Pour Camille Thomé, on est toutefois, à juste titre au regard du décret, "très loin du compte". Elle insiste en outre sur le fait que "la LOM ne constitue qu’un point de départ", avec des "gares LOM" qui ne constituent "qu’une fraction des gares" (la SNCF en dénombre 3.000), et avec des objectifs d’emplacements "qui ne sont que des minimas. Si les débats de la LOM avaient lieu aujourd’hui, ces minimas seraient largement rehaussés, et porteraient sur l’ensemble des gares", veut-elle croire. À l’appui de la thèse, l’objectif fixé l’an passé de 90.000 emplacements sécurisés d’ici 2027 (v. notre article du 9 mai 2023).

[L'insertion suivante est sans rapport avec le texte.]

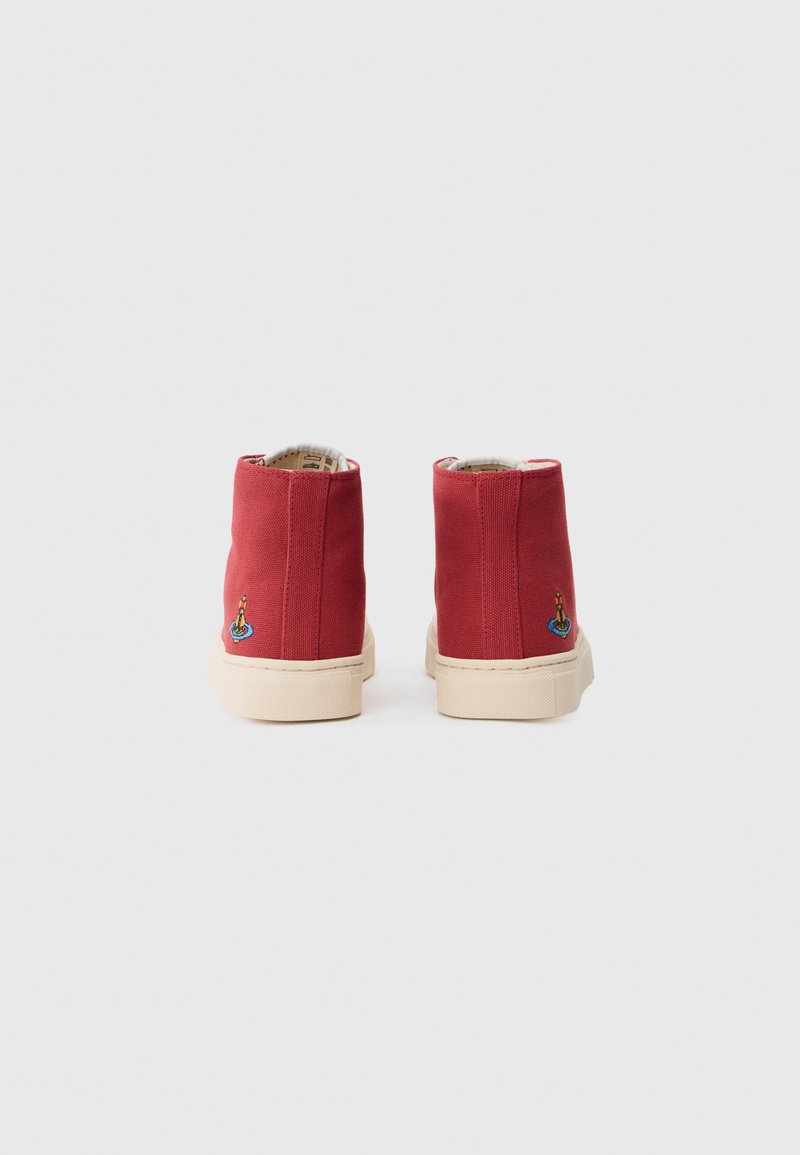 Ein Paar rote High-Top-Canvas-Sneaker mit beigen Sohlen, von hinten auf einem schlichten weißen Hintergrund gezeigt.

Vélos dans les trains, ça coince

Une loi LOM qui avait également fait de l’accroissement des emplacements vélos dans les trains un objectif (v. notre article du 20 janvier 2021). Mais là aussi, l’essor du vélo n’est pas sans poser difficulté. "Attention à ne pas antagoniser les utilisateurs du train et les cyclistes", alerte Camille Thomé. Elle préconise de penser "incitations et dissuasions", en fonction de l’affluence attendue dans les trains – "On le fait bien pour les musées" – et de "rester humbles sur les promesses clients que l’on ne peut pas tenir". Un dispositif qui suppose de pouvoir informer correctement les voyageurs. "Il faut accepter que les usagers prennent du temps pour passer aux deux vélos" (un au départ, l'autre attendant à l'arrivée), relève-t-on également, ce qui suppose "de les rassurer", grâce à un stationnement en gare "de qualité, réellement sécurisé". Une solution qui restera toutefois exclue pour "le vélotouriste, qui a besoin de son vélo". Il faut faire attention aux "visiteurs de la France", insiste Camille Thomé.

Le périrurbain et le rural

L’experte insiste par ailleurs sur le fait que "seule l’intermodalité peut concurrencer la voiture", en soulignant que "le plus gros potentiel de changement [des pratiques, et d’adoption du vélo] existe dans les zones périurbaines et rurales". D’où la nécessité de n’oublier aucune gare. Soulignant que "55% de la population Grand Est vit à moins de 5 minutes d’une gare", Claire Heidsiek ne la contredit pas. Elle insiste au contraire sur la nécessité d’accompagner les habitants, "biberonnés à la voiture", de ces territoires qui ne doivent "pas être condamnés à la voiture". "C’est la multimodalité qu’il faut prôner. On n’est pas obligé d’avoir une seule solution. C’est mieux d’avoir un panel de solutions à proposer", ajoute-t-elle sans risquer la contradiction. Mais de concéder néanmoins que "c’est plus facile en zone urbaine".